• **Provided entries**:
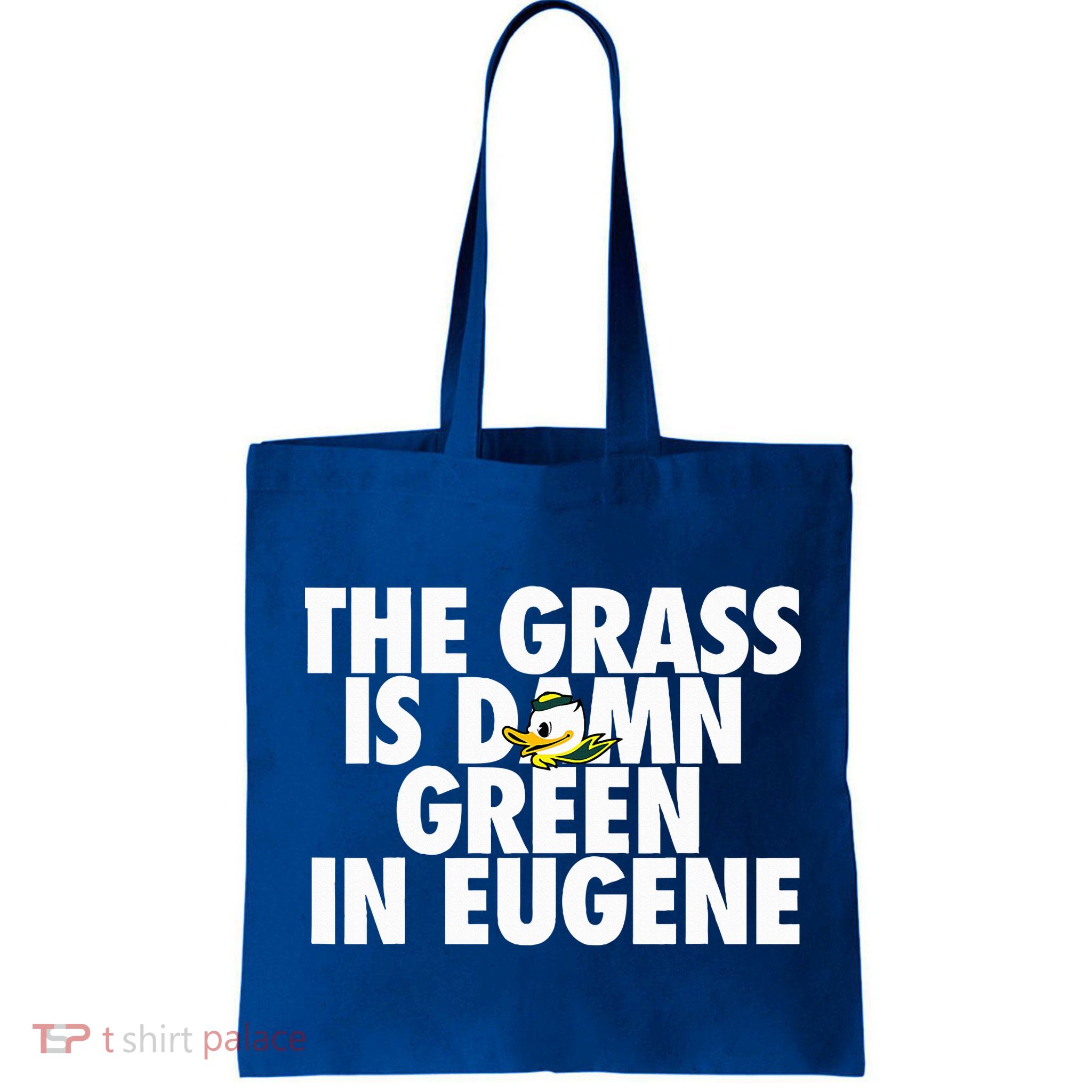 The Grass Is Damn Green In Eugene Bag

* * *

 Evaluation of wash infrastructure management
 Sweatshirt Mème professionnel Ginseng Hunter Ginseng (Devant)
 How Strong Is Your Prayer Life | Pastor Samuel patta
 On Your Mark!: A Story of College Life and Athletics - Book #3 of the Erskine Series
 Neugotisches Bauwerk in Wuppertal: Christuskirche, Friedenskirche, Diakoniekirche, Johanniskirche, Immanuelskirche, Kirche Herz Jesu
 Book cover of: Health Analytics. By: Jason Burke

---

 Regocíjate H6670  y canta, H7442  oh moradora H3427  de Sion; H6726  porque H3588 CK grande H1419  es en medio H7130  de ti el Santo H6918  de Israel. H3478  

• **Work task**:
Can you repeat, word for word, every line above from the one containing "How Strong Is" down to the one containing "Book cover of: Health", including both?

• **Expected output**:
 How Strong Is Your Prayer Life | Pastor Samuel patta
 On Your Mark!: A Story of College Life and Athletics - Book #3 of the Erskine Series
 Neugotisches Bauwerk in Wuppertal: Christuskirche, Friedenskirche, Diakoniekirche, Johanniskirche, Immanuelskirche, Kirche Herz Jesu
 Book cover of: Health Analytics. By: Jason Burke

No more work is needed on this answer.